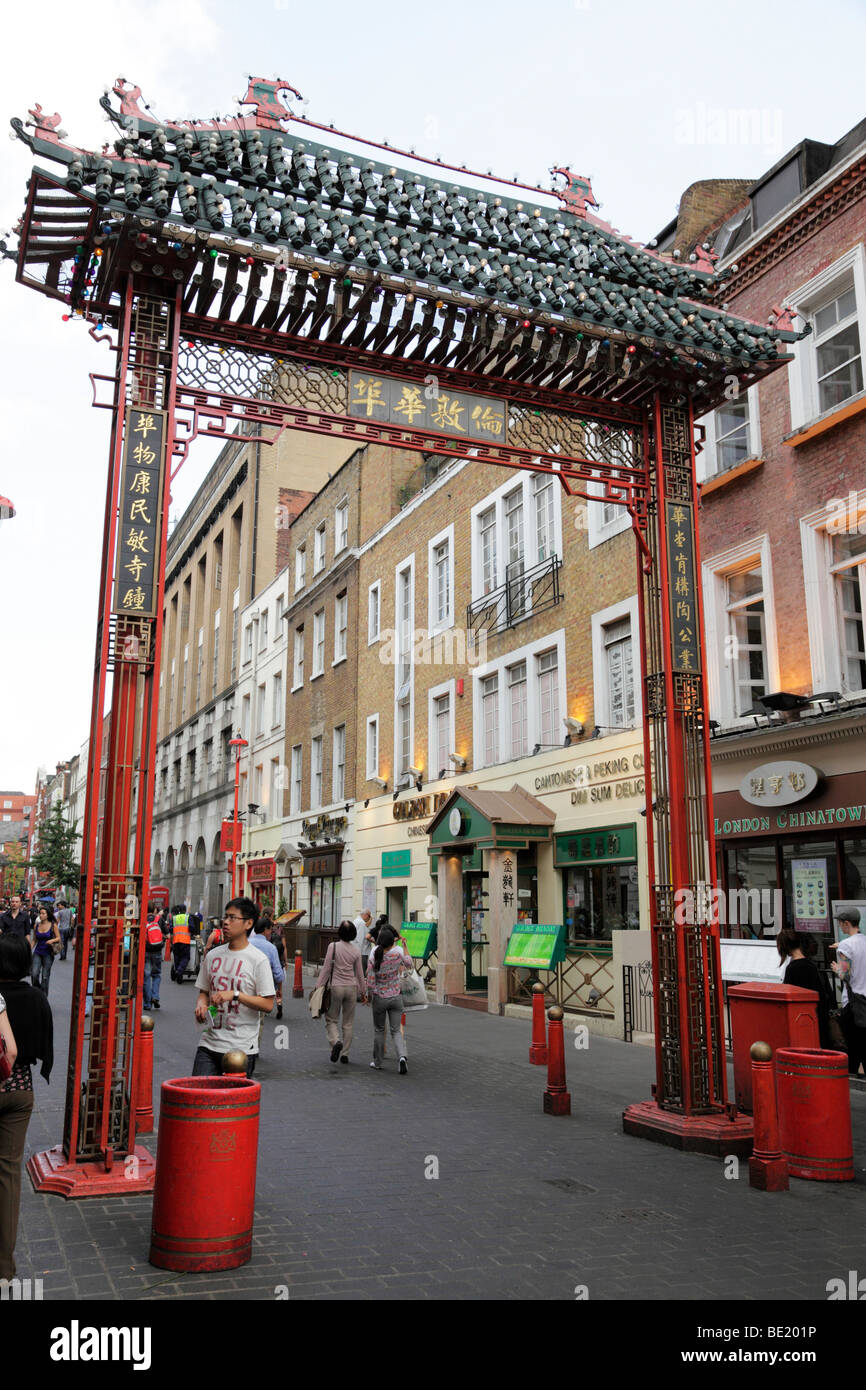 El arco tradicional chino en la entrada a Gerrard Street Soho, Chinatown, Londres, Gran Bretaña. Foto de stock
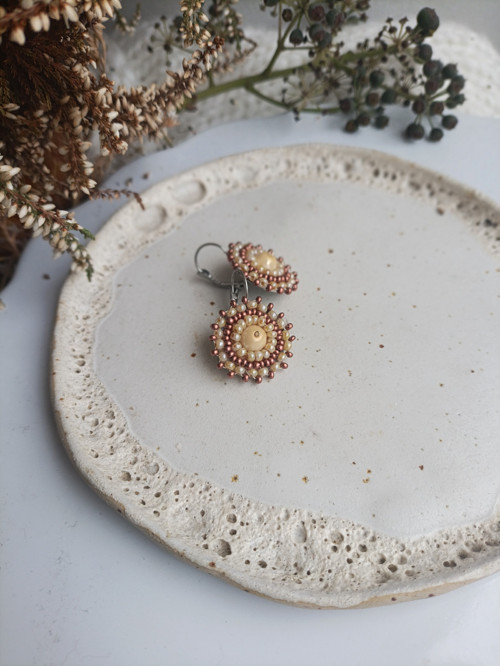 Mini earrings n.11 - vyšívané náušnice — foto 3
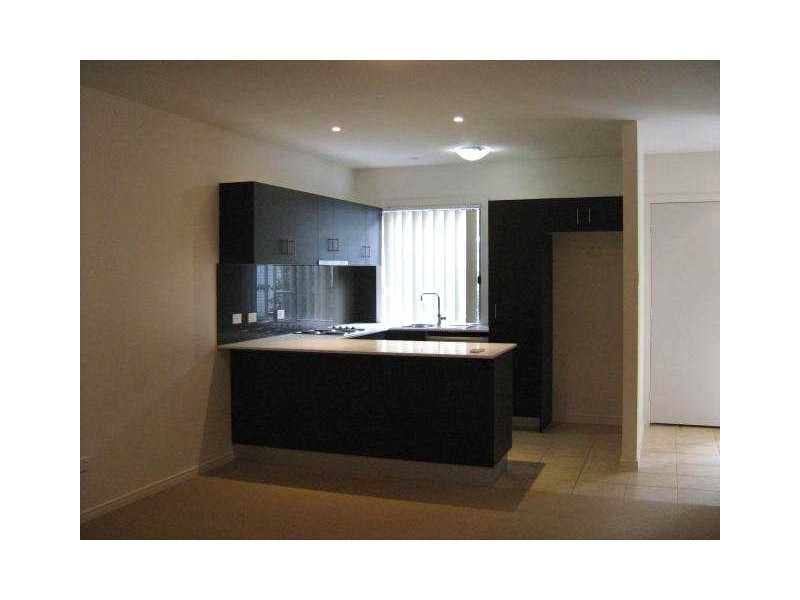 4/13-17 Caroline St, Woody Point QLD 4019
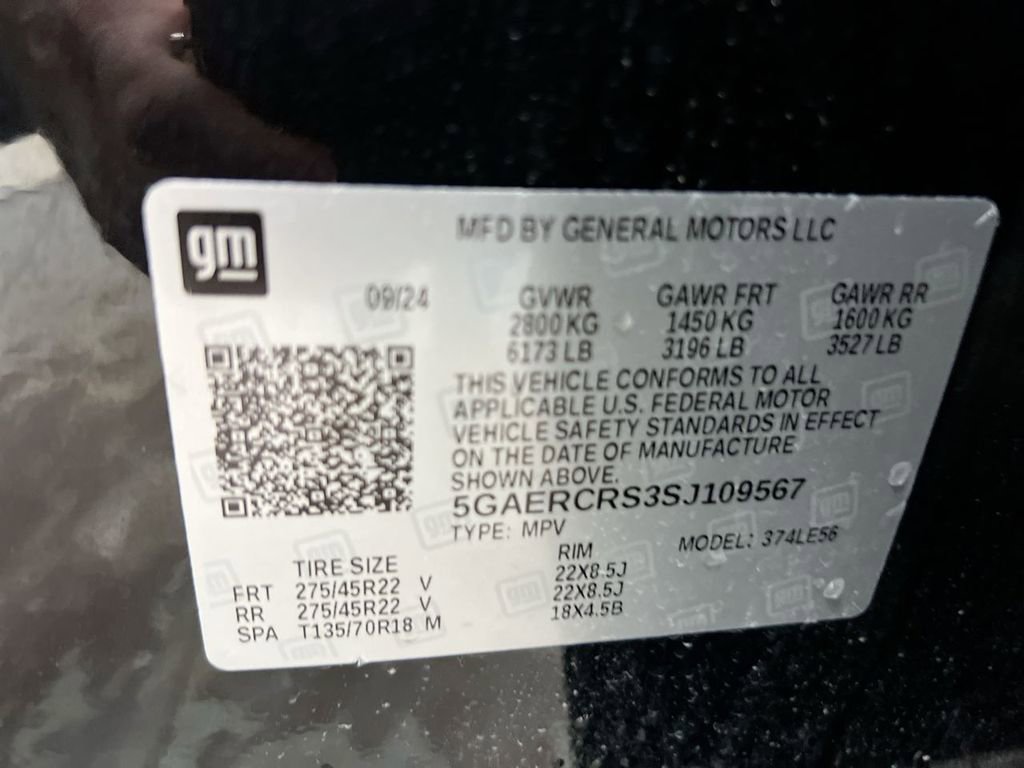 Used 2025 Buick Enclave Avenir w/ LPO, Floor Liner Package FWD image 30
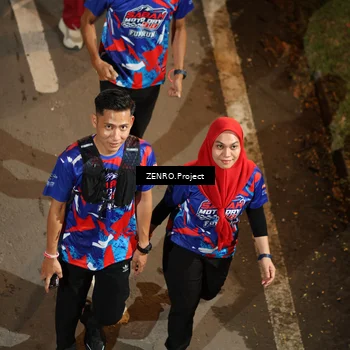 Runner Photo 6056431
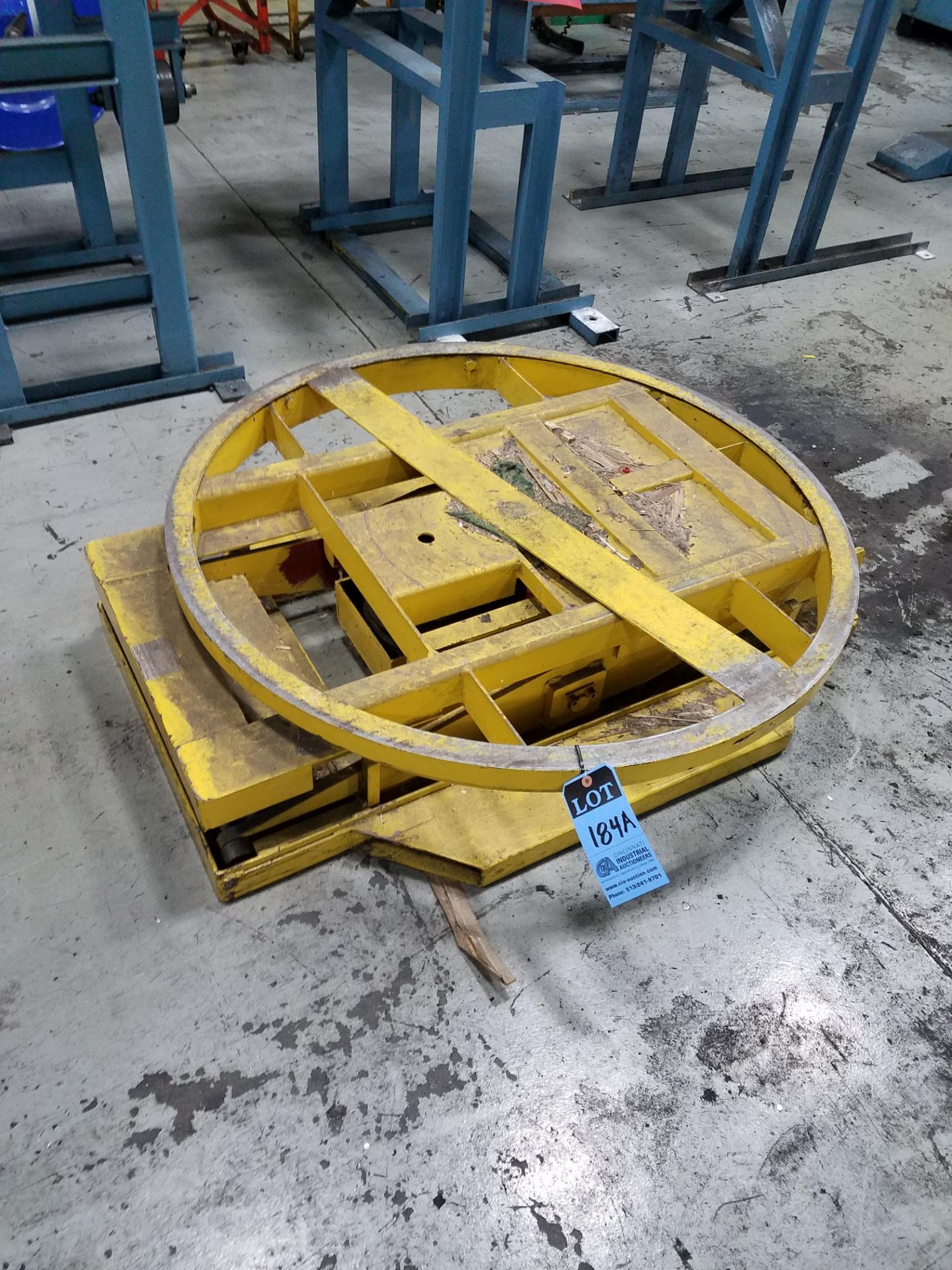 43" DIA. SOUTHWORTH PNEUMATIC SCISSOR LIFT TABLE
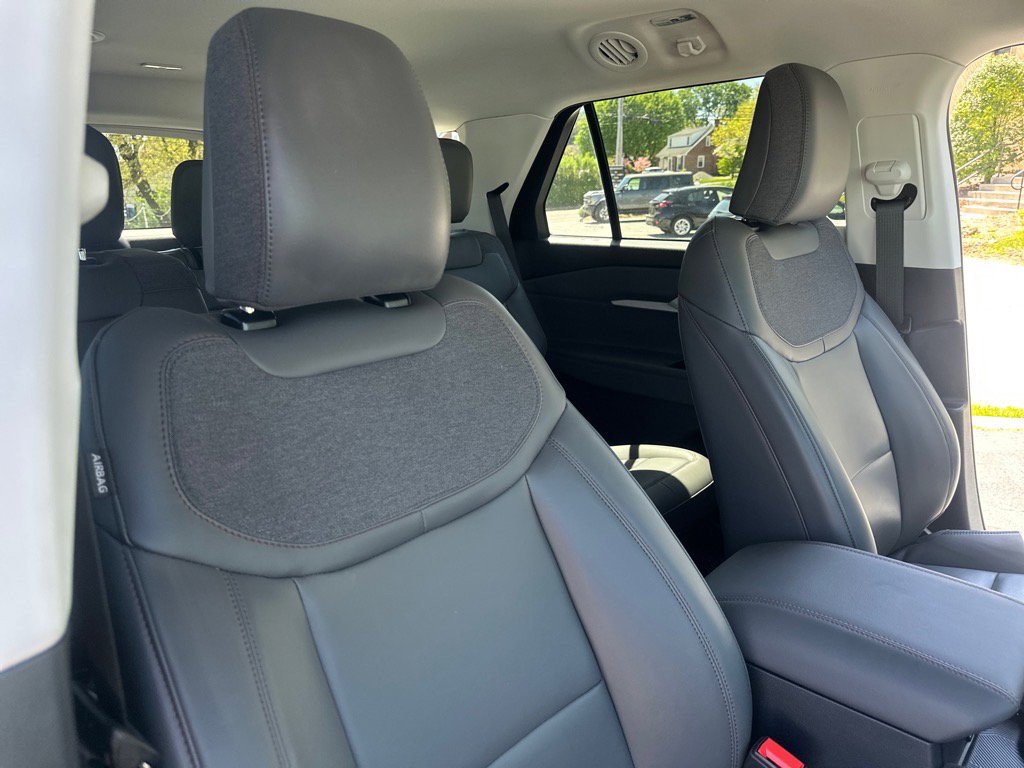 New 2025 Ford Explorer Active w/ Active Comfort Package image 45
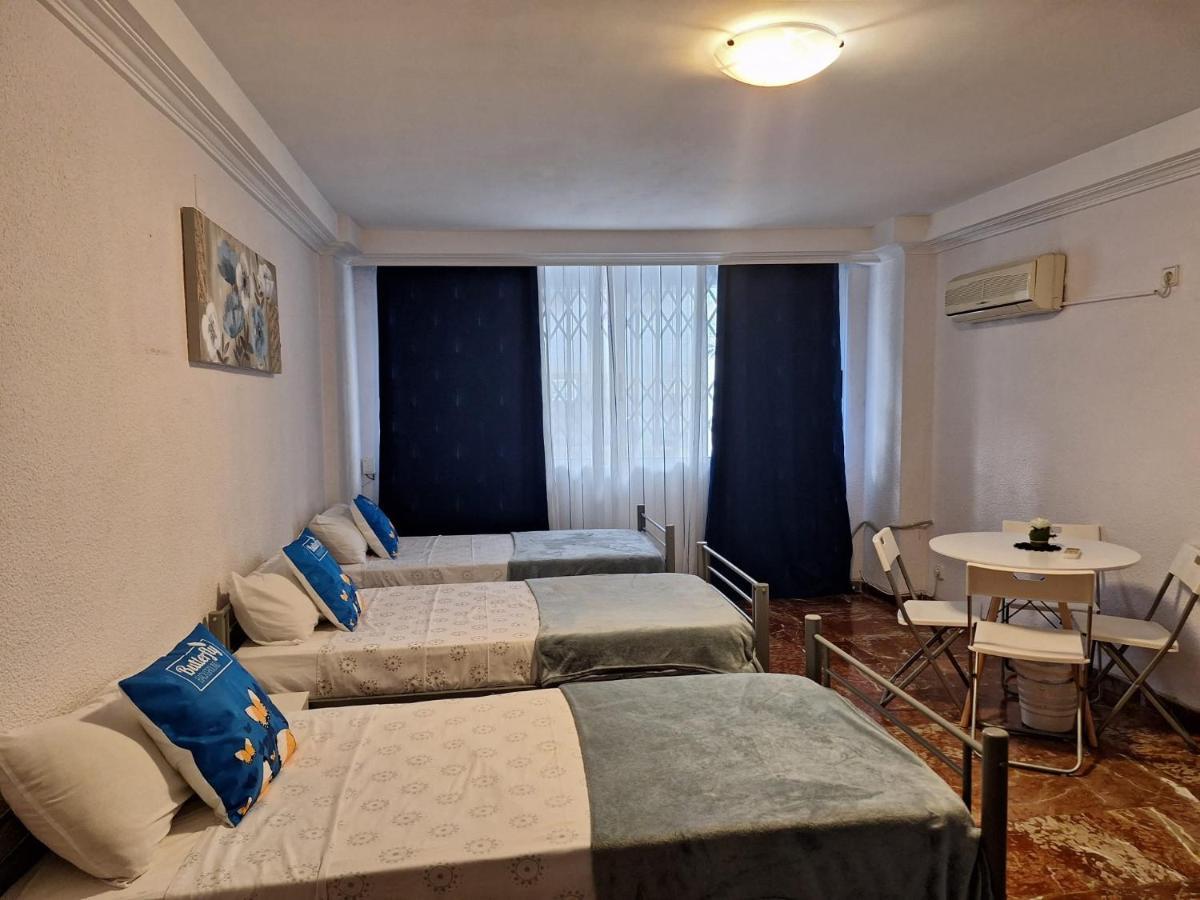 Pension El Dorado Аликанте Екстериор снимка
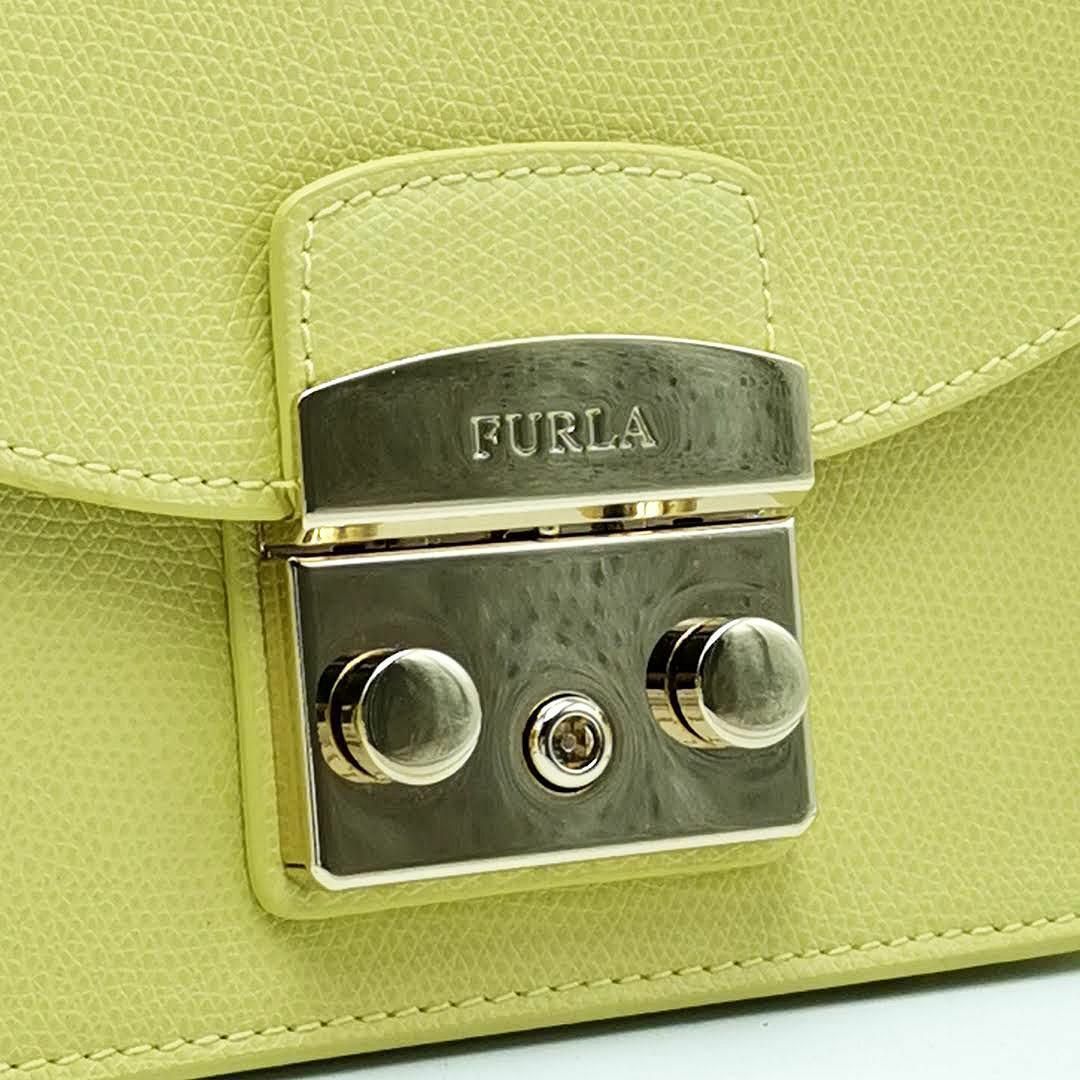 Furla(フルラ)の美品 フルラ FURLA ショルダーバッグ メトロポリス 03-23102801 レディースのバッグ(ショルダーバッグ)の商品写真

| Task to complete |
The reply should consist of the listing restated word for word, with its pictures removed.

| Exercise response |
 El arco tradicional chino en la entrada a Gerrard Street Soho, Chinatown, Londres, Gran Bretaña. Foto de stock
 Mini earrings n.11 - vyšívané náušnice — foto 3
 4/13-17 Caroline St, Woody Point QLD 4019
 Used 2025 Buick Enclave Avenir w/ LPO, Floor Liner Package FWD image 30
 Runner Photo 6056431
 43" DIA. SOUTHWORTH PNEUMATIC SCISSOR LIFT TABLE
 New 2025 Ford Explorer Active w/ Active Comfort Package image 45
 Pension El Dorado Аликанте Екстериор снимка
 Furla(フルラ)の美品 フルラ FURLA ショルダーバッグ メトロポリス 03-23102801 レディースのバッグ(ショルダーバッグ)の商品写真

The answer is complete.